Daniel Morales Escobar: «El Día Internacional del Migrante»

En el año 2000 la Asamblea General de las Naciones Unidas decidió proclamar el 18 de diciembre Día Internacional del Migrante, y como tal empezó a celebrarse en el 2001. Se trataba de dar apoyo internacional a una realidad cada vez más extendida, la de la emigración, y casi siempre afectada por una respuesta política y social insuficiente, cuando no vergonzosa, en cuanto al amparo de los derechos humanos de los migrantes.

Pero no quiero entrar en esa cuestión de los derechos desprotegidos ni en una tediosa explicación histórica de cuáles han sido las grandes oleadas migratorias que han afectado a nuestro país, sea como lugar de origen o como meta de destino. Pretendo hacer una visión mucho más personal. Porque, si bien es cierto que tuve la suerte de nacer en una familia no aquejada por esa situación sino, por el contrario, de las que podríamos llamar “granadinas de toda la vida” —¡entiéndase la ironía!—, es verdad también que a lo largo de mi ya larga existencia he tratado con innumerables compañeros, amigos y familiares que sí han tenido, ellos mismos o sus padres, esa durísima experiencia.

Españoles en campos de concentración franceses tras la Guerra Civil. Fuente: ABC.

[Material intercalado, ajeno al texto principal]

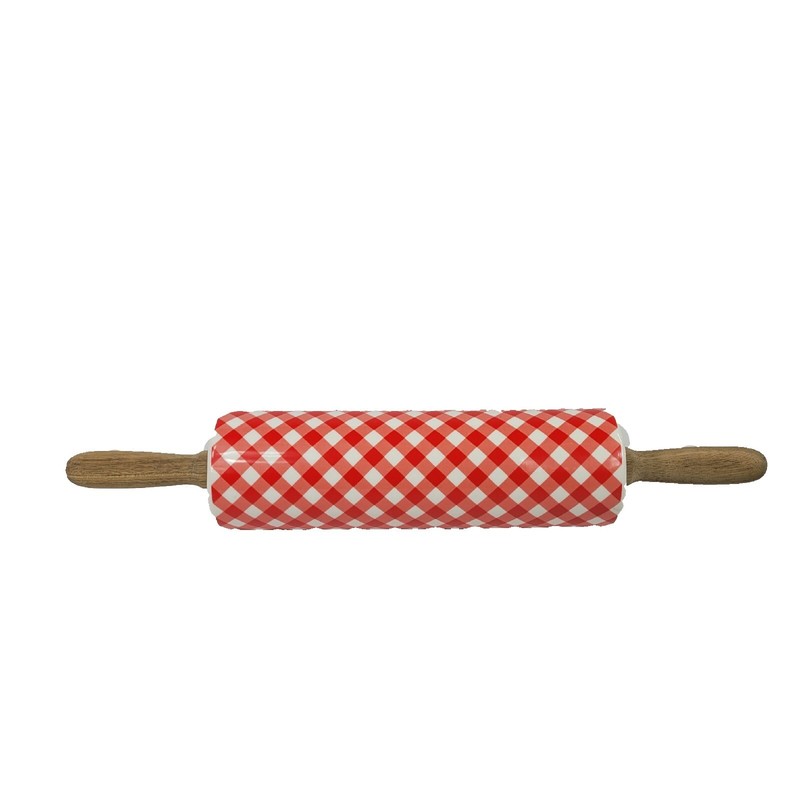 Pioneer Women rolling pin charming Gingham check Red White Checkered gallery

He conocido a hijos de españoles que emigraron a Francia, Suiza, Alemania, Luxemburgo,… en la década de los sesenta del pasado siglo. A nietos de huidos del franquismo que terminaron asentados en Francia a perpetuidad o, incluso, muriendo en algún campo de concentración alemán durante los años dramáticos de la Segunda Guerra Mundial. Y, ya más recientemente, a jóvenes que desde la anterior crisis económica, la del 2008, buscaron en nuestros vecinos lo que nosotros no les ofrecíamos: un trabajo con unas condiciones y una remuneración dignas. Me consta que algunos se marcharon, hace muy poco, hastiados de su país.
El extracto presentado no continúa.